[For a Talking Like a Pirate audio version of this essay, listen here]
𝓡𝓔𝓒𝓐𝓛𝓛 𝓨𝓔 𝓐 𝓣𝓘𝓜𝓔 when the internet were an open sea, ripe for the taking? When the abyssal floor of the vasty deep lay yet unblemished by the scuttled fads of yore, when any meme what had the faintest whiff o’ whimsy could run rampant o’er the waves from Barrataria to Madagascar, ne’er to be dashed upon algorithmic shoals or becalmed in the doldrums of irony poisoning? Well, do ye?
For ’twas such a time, one score and nine years ago, when International Talk Like a Pirate Day were christened. ‘Twas then that a pair o’ landlubbers named Summers and Baur, from Albany, Oregon, decided to fashion, from the thin gruel o’ one’s pained yawp at a game o’ racquetball, an annual tradition what says one ought to spend September 19th ‘Talking Like a Pirate’1.

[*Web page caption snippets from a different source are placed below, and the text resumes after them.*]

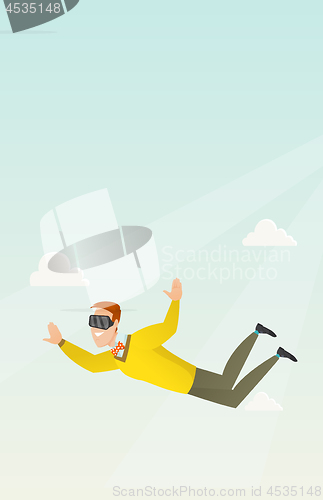 Image of Businessman in vr headset flying in the sky.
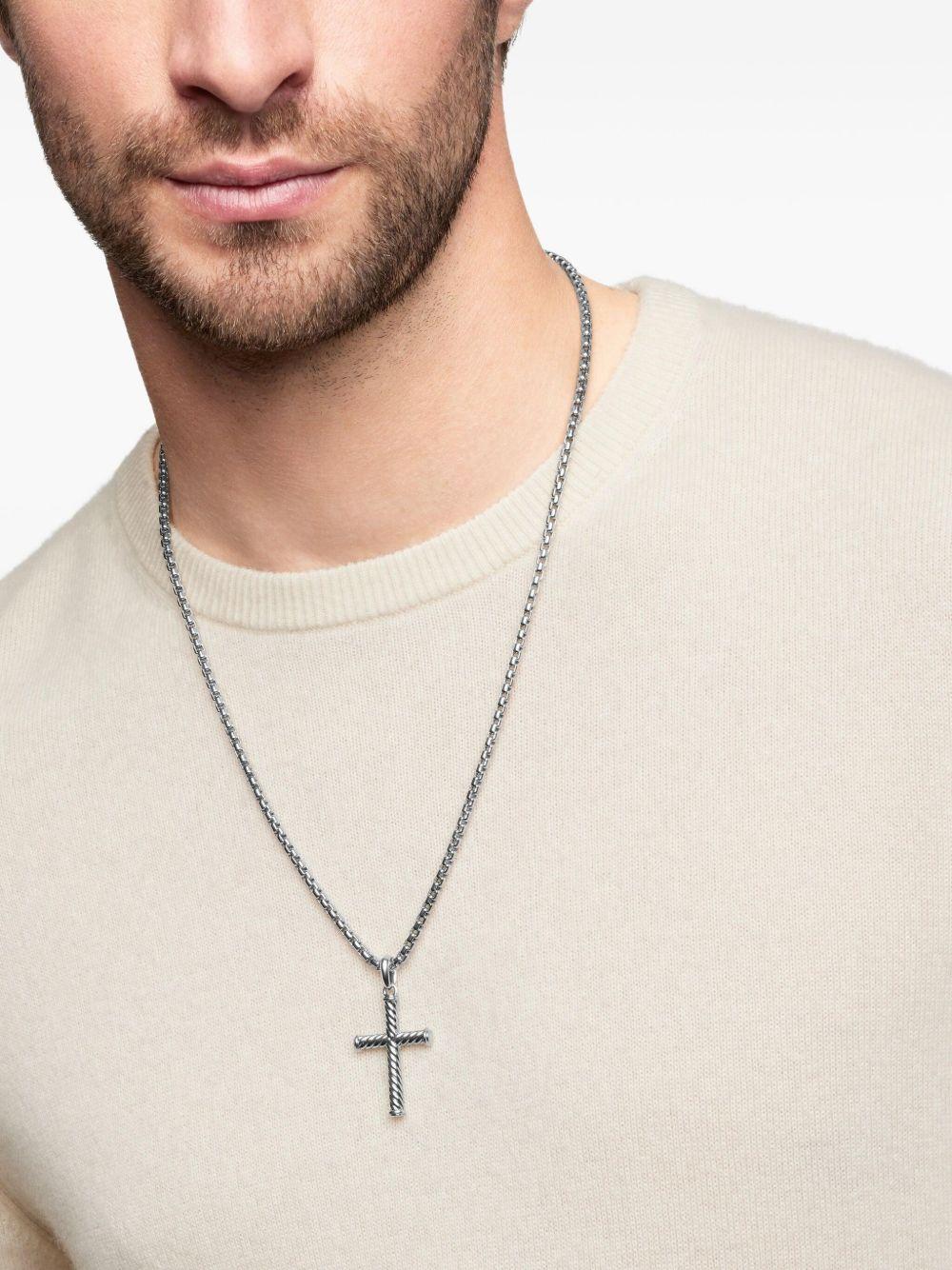 sterling silver Cable Cross pendant (35mm) Product Image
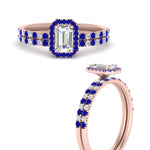 Load image into Gallery viewer, emerald-cut-sapphire-halo-wedding-ring-set-in-rose-gold-FD8523EMGSABL-NL-RG
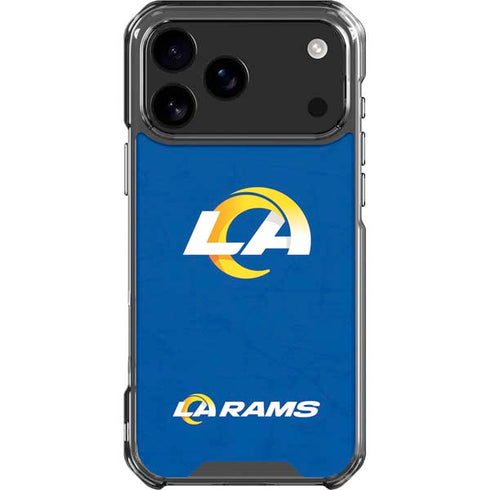NFL Los Angeles Rams Distressed iPhone 17 Pro Max Clear Case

Gen X marks the spot for this manner o’ ironical observance, being folk what also embraced Festivus and Pi Day round about that same year o’ nineteen hundred and ninety-five. There were somethin’ in the air o’ that time, one supposes, what made folk yen for novel traditions; deracinated, desacralized, flutterin’ around at the End o’ History like a standard in a gale, they grabbed at shiny postmodern jubilees as they strove in vain to refill their empty coffers o’ meanin’.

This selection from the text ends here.